Look below for the line that contains "Meet up !! //", then copy it and each following line to the end of the records, minus any pictures.

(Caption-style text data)

######

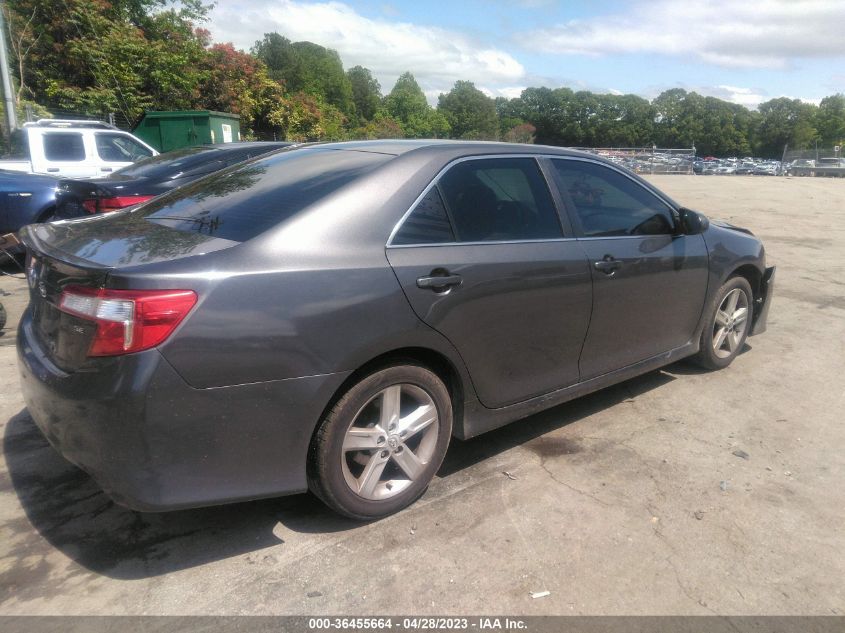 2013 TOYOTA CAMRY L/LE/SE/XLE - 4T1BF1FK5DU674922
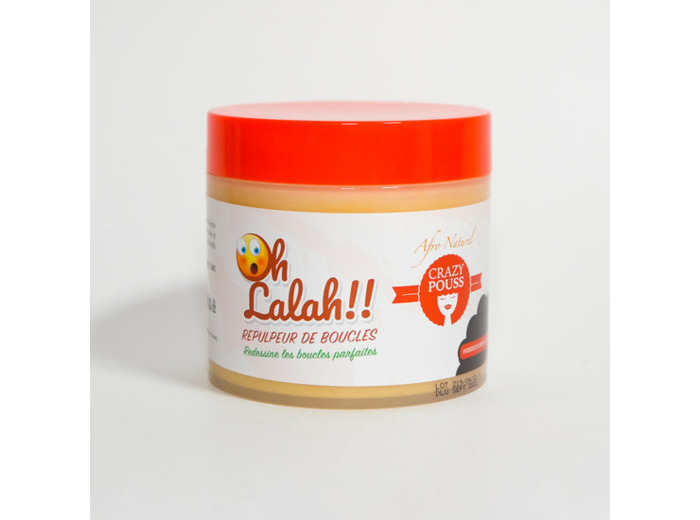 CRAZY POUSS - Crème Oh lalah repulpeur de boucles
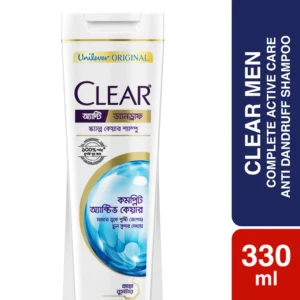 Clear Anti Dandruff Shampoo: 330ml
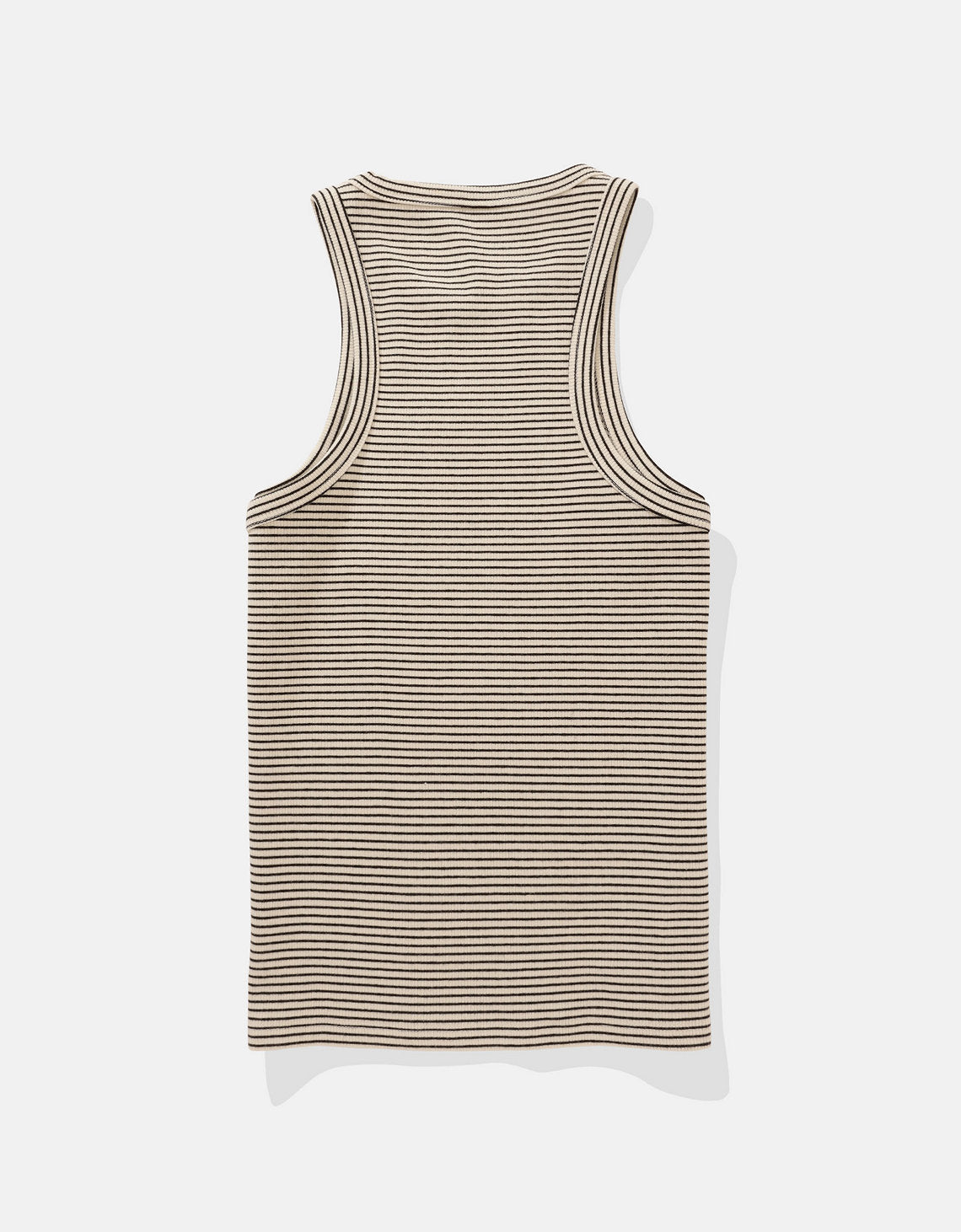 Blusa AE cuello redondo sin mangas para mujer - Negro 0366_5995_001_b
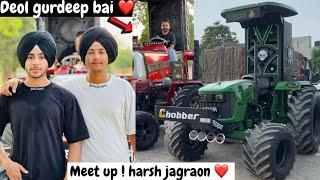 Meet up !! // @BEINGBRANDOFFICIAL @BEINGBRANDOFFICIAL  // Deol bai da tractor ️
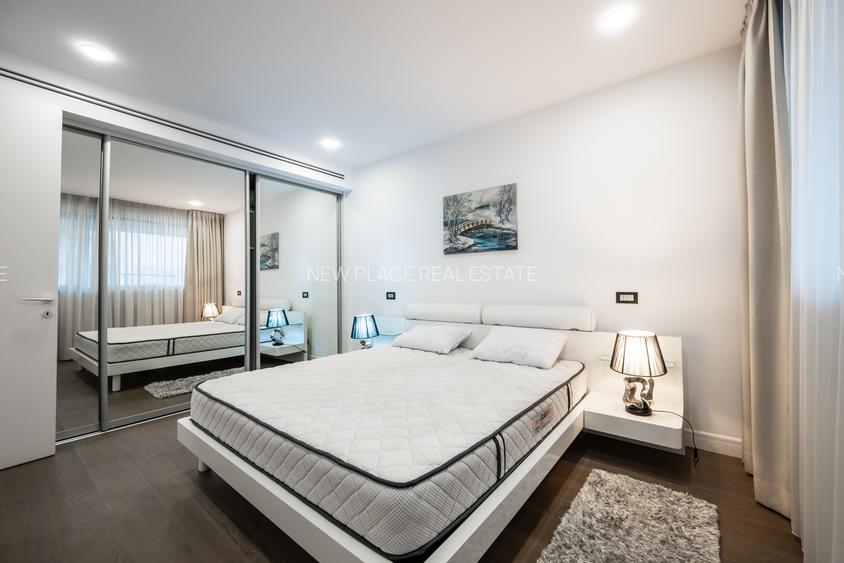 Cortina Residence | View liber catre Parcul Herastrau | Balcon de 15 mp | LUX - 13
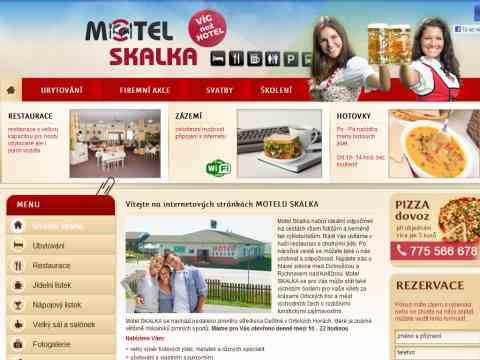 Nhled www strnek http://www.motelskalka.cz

######

RESULT OF THIS TASK:
 Meet up !! // @BEINGBRANDOFFICIAL @BEINGBRANDOFFICIAL  // Deol bai da tractor ️
 Cortina Residence | View liber catre Parcul Herastrau | Balcon de 15 mp | LUX - 13
 Nhled www strnek http://www.motelskalka.cz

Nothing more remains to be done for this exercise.